Marie Forleo is a life and business coach with hundreds of thousands of followers, many of whom pay for her classes. But she didn't use any advertising to build her client base in the beginning, she said on an episode of Business Insider's podcast "This is Success."
While building her coaching business in the early 2000s, Forleo was a jack-of-all-trades - she worked as a dance instructor, spent time at the New York Stock Exchange, bartended, and had a brief stint in ad sales.
Forleo said she would carry a yellow legal notepad with her everywhere to collect names for her email newsletter where she sent weekly tips to help others have a better life. She said nobody had heard of email newsletters at the time.
"I didn't have money for advertising. I wouldn't have even known how to do it. I was a one-woman show. So it was completely built through me with that yellow legal pad, every single place I went," Forleo said.
When Forleo got more active in health and fitness, she would bring her yellow legal pad to her hip-hop class and tell clients about her coaching business after each class concluded, racking up names and email addresses.
"So I was doing everything I possibly could. It was like hand-to-hand combat to build those names," Forleo said.
Forleo said her ground work and putting herself out there lead to her success today. She has hundreds of thousands of followers - 40,000 of whom pay for her $2,000 "B-School" class, which she started in 2010. Forleo also stars in her own show, YouTube channel, podcast, online lessons, and performances.

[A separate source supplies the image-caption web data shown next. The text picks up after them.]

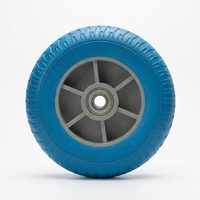 Roue plate anti-crevaison 260x85mm, roue de chariot solide en mousse PU anti-crevaison de 10 pouces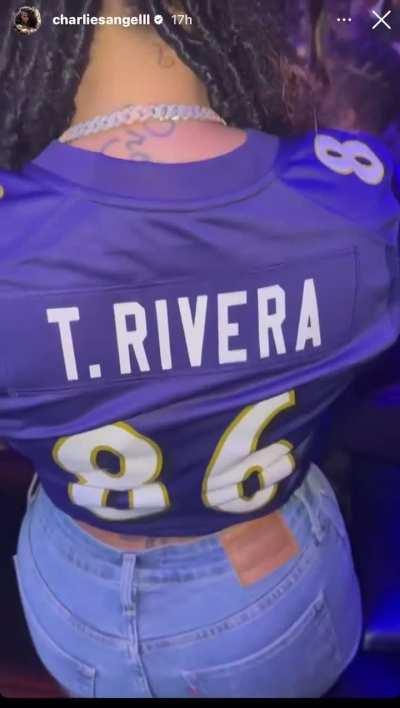 Tammy Rivera in Ravens Jersey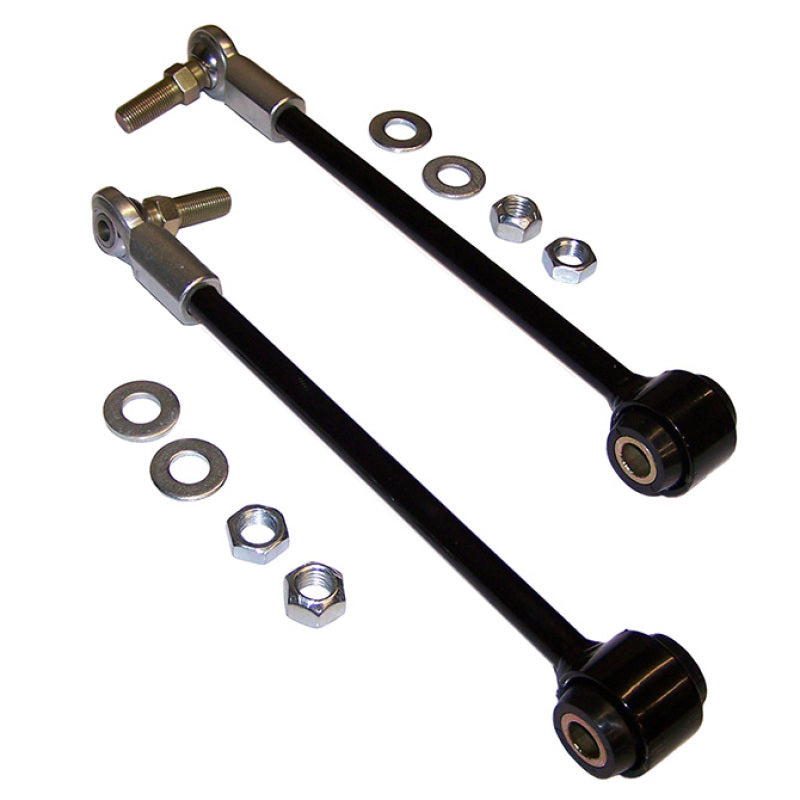 Superlift 07-18 Jeep Wrangler JK Rubicon w/ 2-4in Lift Kit Sway Bar Links - Front Sway Bars Superlift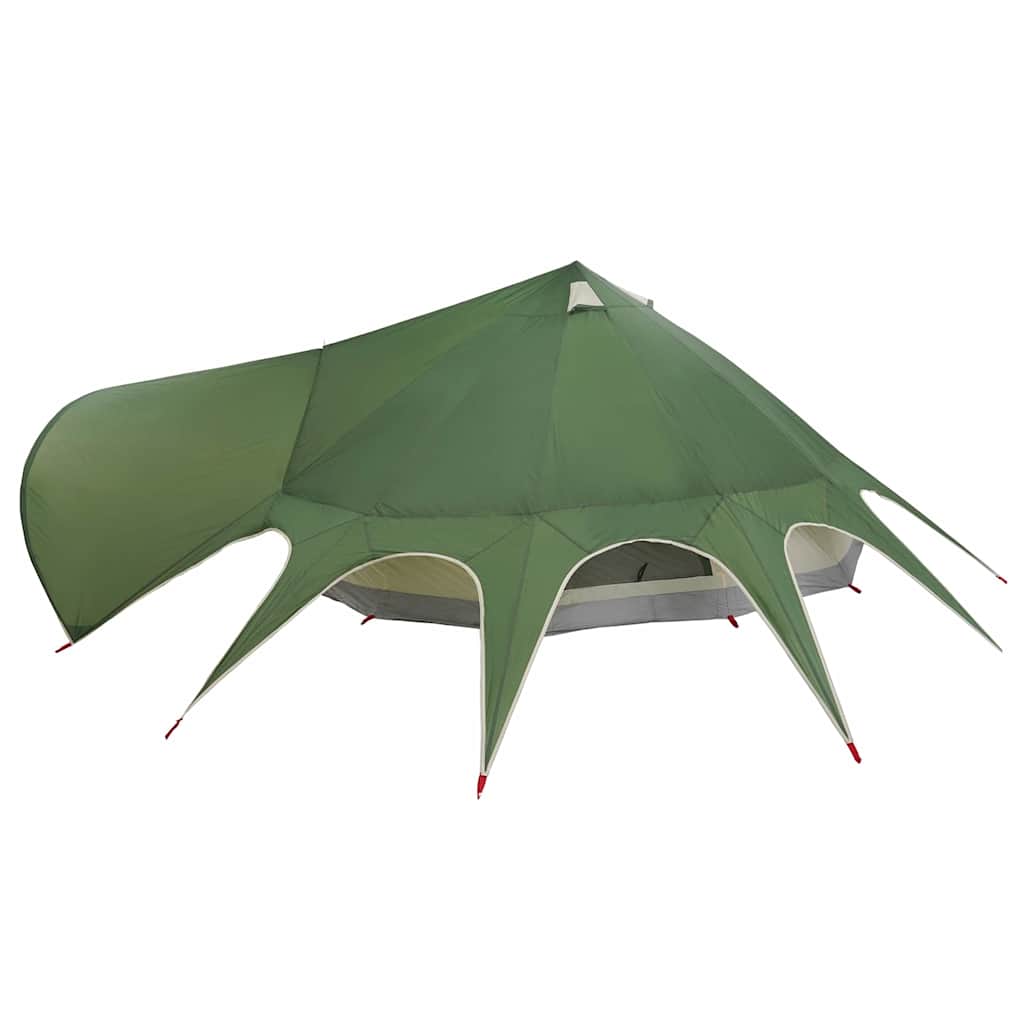 vidaXL Σκηνίτσα Teepee με στέγη Πράσινο και Γκρι 600 x 600 x 347 εκ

By taking the time to get to know people and understand what their needs are - tracking everything on her yellow legal notepad - Forleo said she was better equipped at helping them as a life and business coach.
"That doesn't mean that there's not hard moments, but once I left [a traditional career], I never really questioned was that the right move. I questioned whether I would eventually make it, if that makes sense," she said. "If I was going to be successful enough to keep a roof over my head, but doing it always felt so right that that's what propelled me forward."